• PROBLEM TO WORK ON:
The required output is a word-for-word restatement of the material below, from the line with "Батончик протеиновый PhD" through its last line, inclusive.

Start of DATA FOR PROCESSING

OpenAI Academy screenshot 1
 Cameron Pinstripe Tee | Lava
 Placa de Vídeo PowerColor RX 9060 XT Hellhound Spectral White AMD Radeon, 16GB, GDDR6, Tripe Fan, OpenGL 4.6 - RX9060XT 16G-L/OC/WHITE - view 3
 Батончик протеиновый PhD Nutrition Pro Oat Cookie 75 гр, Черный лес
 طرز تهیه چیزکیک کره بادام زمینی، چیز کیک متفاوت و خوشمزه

End of DATA FOR PROCESSING

• TASK OUTPUT:
 Батончик протеиновый PhD Nutrition Pro Oat Cookie 75 гр, Черный лес
 طرز تهیه چیزکیک کره بادام زمینی، چیز کیک متفاوت و خوشمزه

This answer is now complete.